UAE stocks fell yesterday as a sharp sell-off of Chinese equities began to spread to markets around the world, raising the spectre of financial contagion.
The fate of Greece in the euro zone remained undecided, adding to an increasingly long list of investing woes.
The Abu Dhabi Securities Market General Index slipped 0.68 per cent to 4,692.29, while the Dubai Financial Market Index fell 1.36 per cent to 3,986.6, its lowest level since May 31.
The Dubai market’s fall below the 4,000-point level might hit short-term traders and spark further sell-offs, said traders.
The Shanghai Composite Index, which fell 5.9 per cent yesterday, was down 32 per cent for the past month, even after Chinese authorities tried to stem the market turmoil.
“For Dubai especially we saw that it’s below the 4,000 level, so that added to the pressure, especially for the short-term traders,” said Hani Konquar, a senior equity sales trader at Mubasher Financial Services.

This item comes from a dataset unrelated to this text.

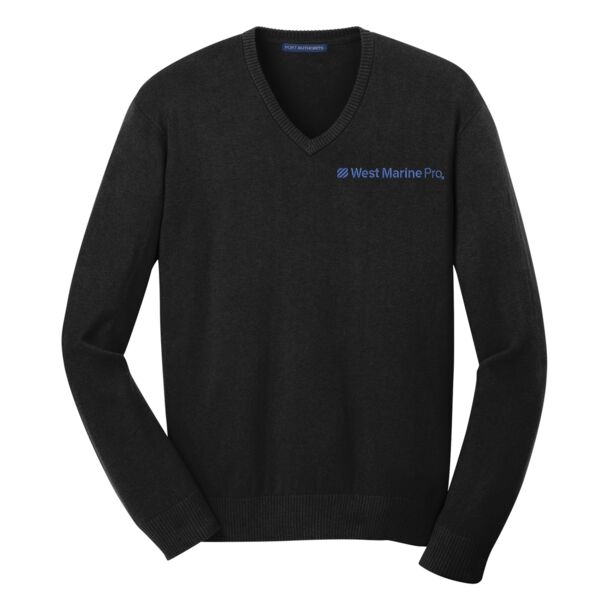 MEN'S Port Authority V-Neck Sweater Thumbnail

“In the next few days, the global market scenario will continue to have an impact in the very short term because the Greece story still hasn’t been resolved.”
Prices of commodities, including oil, remained volatile, adding to the worries of investors in the Arabian Gulf.
Brent crude dropped as much as 1.7 per cent yesterday before rebounding 0.6 per cent after UAE markets closed.
Countries in the region are heavily reliant on oil revenues. In the UAE, local shares have yet to fully recover from the drubbing in the fourth quarter last year when oil prices fell about 30 per cent.
Chinese stocks continued to slide even though authorities in the world’s second-largest economy sought to stem the sell-off. They introduced measures such as getting state-run firms to buy equities, allowing companies to halt trading in their shares, and preventing investors with equity stakes of more than 5 per cent to sell in the next six months.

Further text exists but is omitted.